Virginians know about spellcheck, but it may not have permeated the rarefied bubble of UVa. Mr Jefferson probably spelled "research" that way back in the 19th century when planning his Academical Village. Or perhaps this was written by a thoughtless mere first-year.
Oh, I'm glad! I have several friends who are UVA grads (graduate and undergrad levels), and so I say it with love. Mockery is the sincerest form of flattery.
UVA is doing some great focused work in certain CS fields. Their student team recently won the National Collegiate Cyber Defense Competition in their first year competing [0].
It's interesting that most of the 10 finalist schools aren't the traditional CS powerhouses. If you wanted to study cyberdefense, what schools are best?
Here's a description of the "Automata Processor", a phrase I hadn't heard before [1]:
> Micron’s new Automata Processor (AP) architecture exploits the very high and natural level of parallelism found in DRAM technologies to achieve native-hardware implementation of nondeterministic
finite automata (NFAs).

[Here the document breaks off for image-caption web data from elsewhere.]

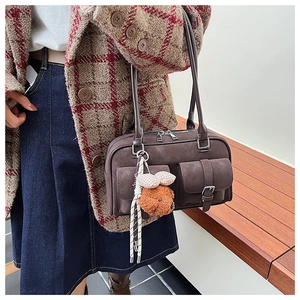 Detail of dark brown retro shoulder bag with dual pockets and plush puppy charm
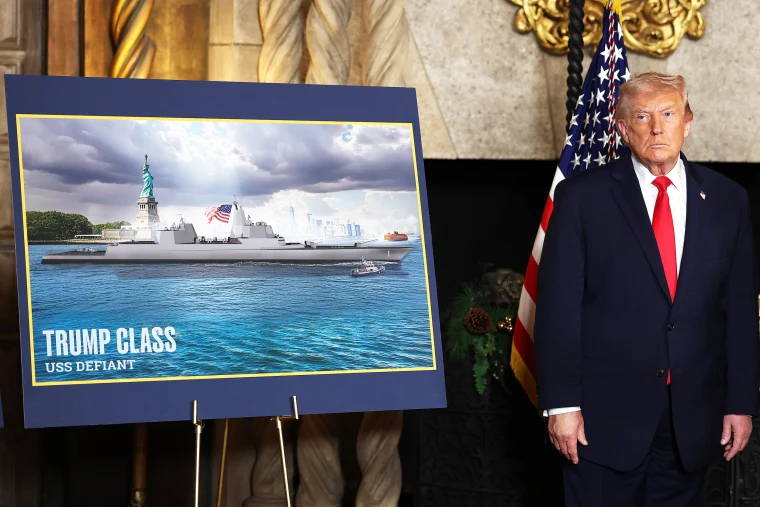 Donald Trump stands next to a signboard with an image of a battleship inside a room at Mar-a-Lago.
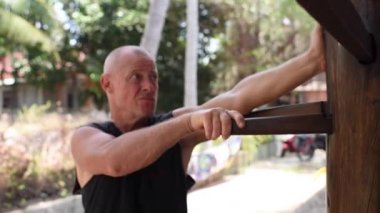 Kung fu ustası alıştırması yapıyor. Kung fu ustası, sensei, öğretmen, yetişkin adam simülatörde ustalaşıyor. Adam kung fu çalışıyor. Yakın plan, yetişkin bir adamın portresi.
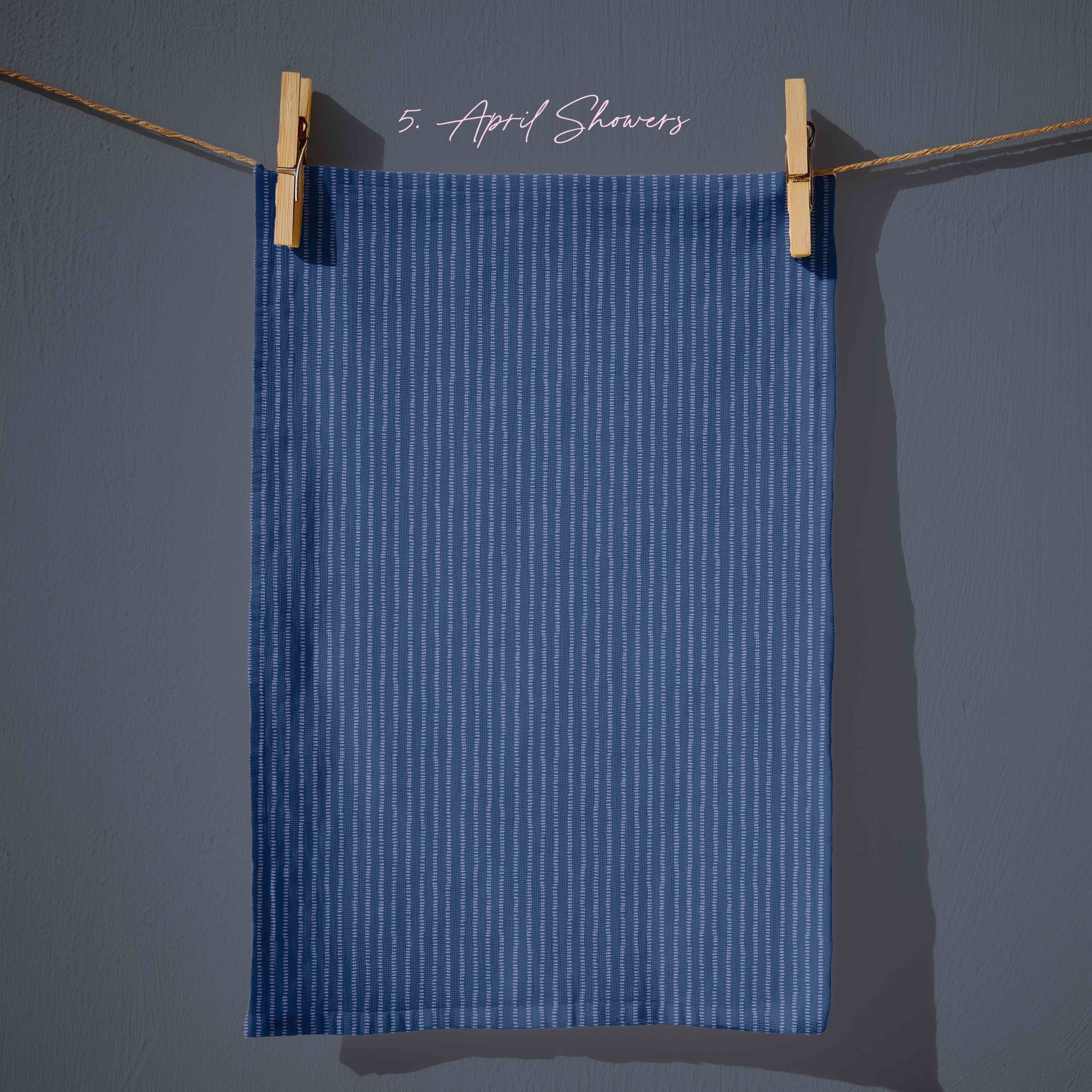 Deep navy blue striped tea towel with fine vertical dash lines, subtle rain-inspired pattern for farmhouse spring kitchens.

The use of DRAM technology to implement the NFA states provides high capacity and therefore provide extraordinary parallelism for pattern recognition. In this paper, we give an overview of AP's architecture, programming and applications.
It's better not to post home pages of things like institutions or magazines, but rather to submit the most interesting specific link that is available. We've found that discussion is only substantive when there's material to sink teeth into.
It's been around for at least 5 years with no real market traction. Processors in memory fix the Von Neuman bottleneck. Great for REGEX, none have floating point yet to make them useful for scientific code.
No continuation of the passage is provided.